On Mon, Dec 10, 2012 at 1:46 PM, Erik Thorson <et...@varickmm.com> wrote:
> Hello All,
>
> I have been using the AWS setup for EMR for some time now and I am currently
> in the process of implementing spark/shark on my own cluster. I am
> installing from
> https://github.com/downloads/mesos/spark/spark-0.6.0-sources.tar.gz. Which
> includes hive0.9.0. I am using this with s3 and am unable to recover
> partitions from a directory with a series of other directories (partitions)

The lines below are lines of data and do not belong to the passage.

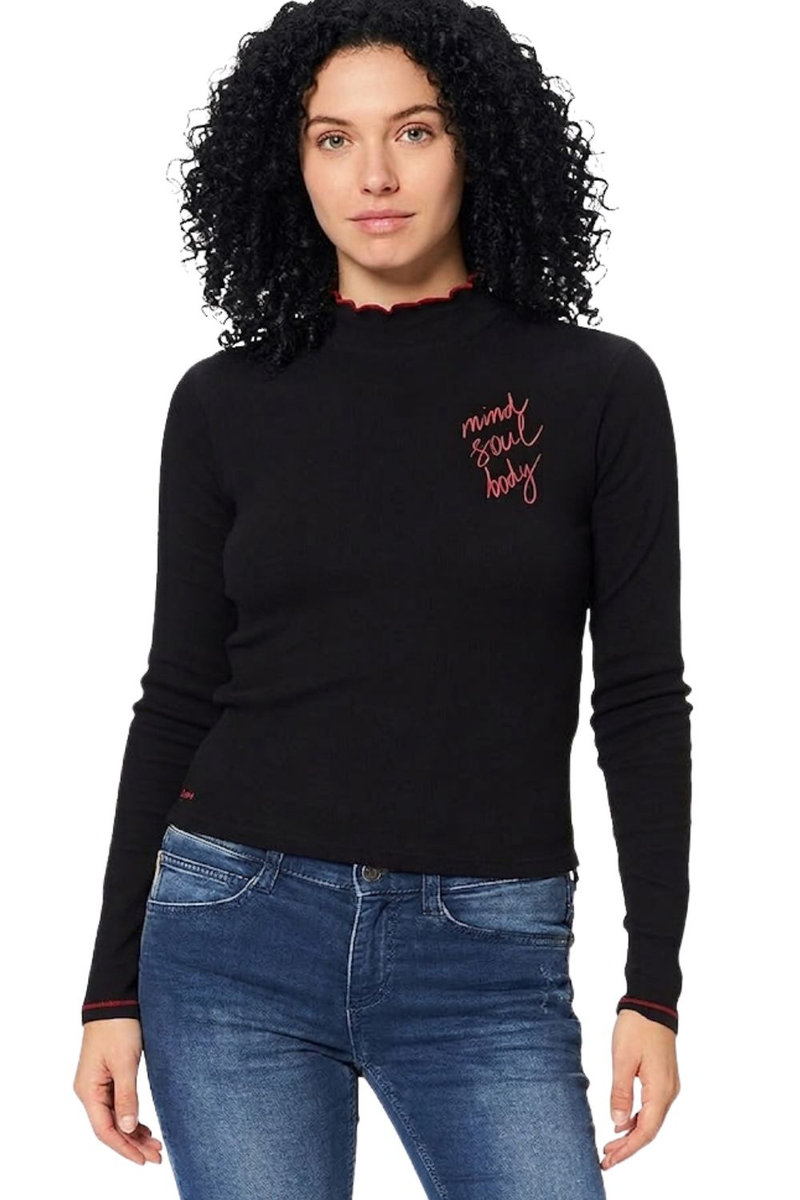 DESIGUAL Bluzka damska Desigual Artemisa ażurowy tył czarna-XL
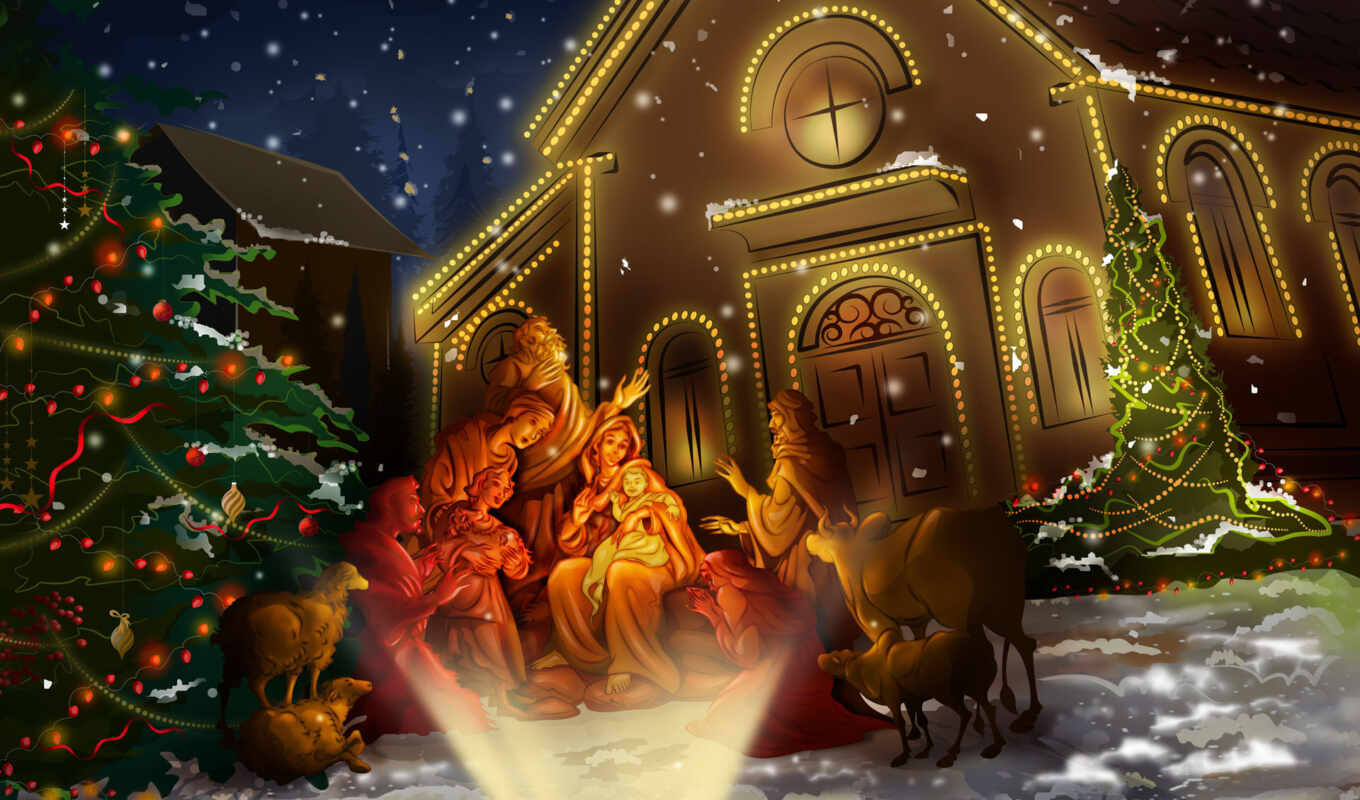 house, christmas, even, рождеством, христово, христовым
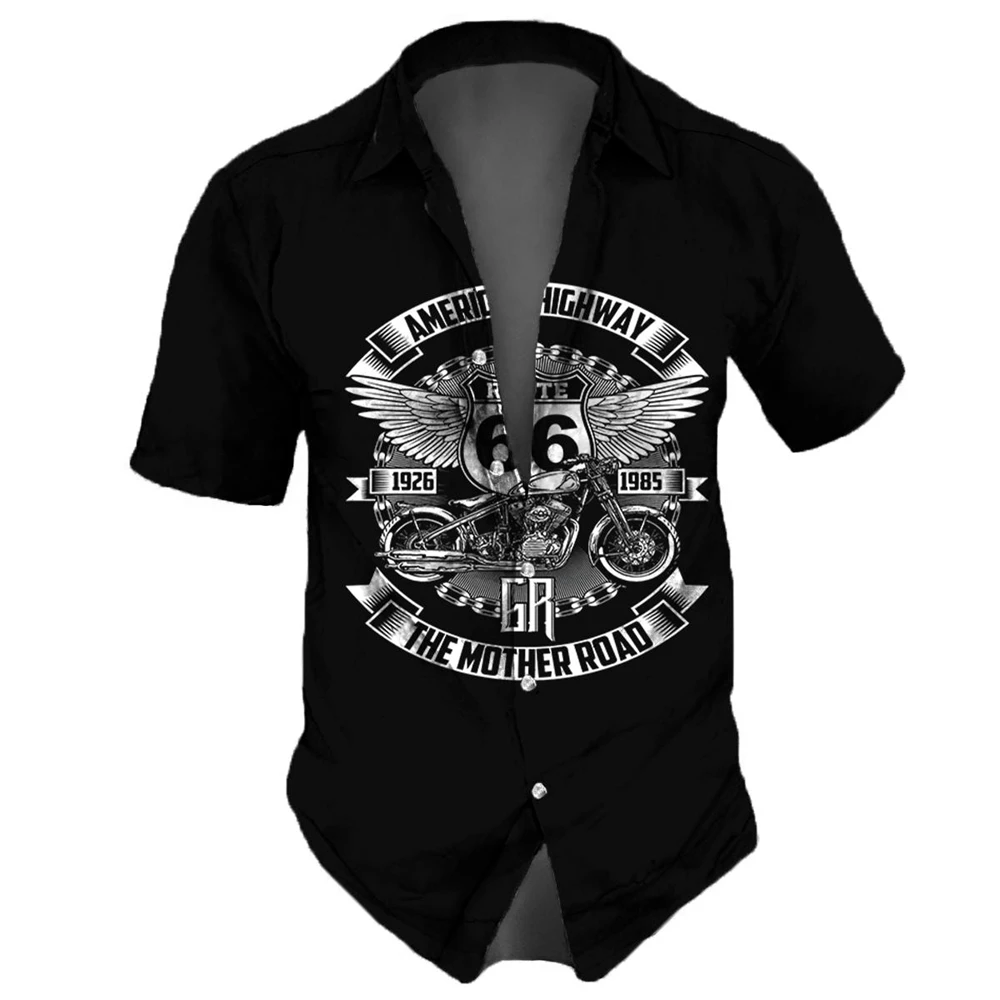 Heren Shirt Route 66 Retro 3d Mode Shirt Voor Man Hawaiiaans Shirt Streetwear Knoop Tops Met Korte Mouwen Dagelijks Feest Herenkleding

> inside of it. I want to have 2 partitions 2012-10-25 and 2012-10-26 which
> contain their respective files. For example I have the following files
> located at s3://varickTest3/nn/.
>
>
> drwxrwxrwx   -          0 1970-01-01 00:00 /nn/ds=2012-10-25
>
> -rwxrwxrwx   1   49696432 2012-12-10 20:55 /nn/ds=2012-10-25/part-00000
>
> -rwxrwxrwx   1   49696432 2012-12-10 20:55 /nn/ds=2012-10-25/part-00001
>
> drwxrwxrwx   -          0 1970-01-01 00:00 /nn/ds=2012-10-26
>
> -rwxrwxrwx   1   49696432 2012-12-10 20:55 /nn/ds=2012-10-26/part-00000
>
> -rwxrwxrwx   1   49696432 2012-12-10 20:55 /nn/ds=2012-10-26/part-00001
>
>
> When I run the query in hive (not shark):
>
>
> CREATE EXTERNAL TABLE wiki(id BIGINT, title STRING, last_modified STRING,
> xml STRING, text STRING)
>
> PARTITIONED BY (ds STRING)
>
> ROW FORMAT DELIMITED FIELDS TERMINATED BY '\t' LOCATION
> 's3n://varickTest3/nn';
>
> ALTER TABLE wiki RECOVER PARTITIONS;
>
>
> This will result in an empty table.
>
>
> I have tried many iterations of this and nothing has worked so far.
> Including adding:
>
> MSCK REPAIR TABLE wiki;
>
> And using s3 rather than s3n (credentials for both types are set in
> core-site.xml)
>
>
> And setting the options:
>
> SET hive.exec.dynamic.partition=true;
>
> SET hive.exec.dynamic.partition.mode=nonstrict;
>
>
> Although if I use:
>
> LOCATION 's3n://varickTest3/nn/*
>
>
> The table will have content but I am still unable to recover partitions.
>
>
> Is there any way to do this using settings or data structure (rather than
> writing a script) to partition the table using the directories as I can in
> AWS?
>
>
> Thank you for any help anyone can give me.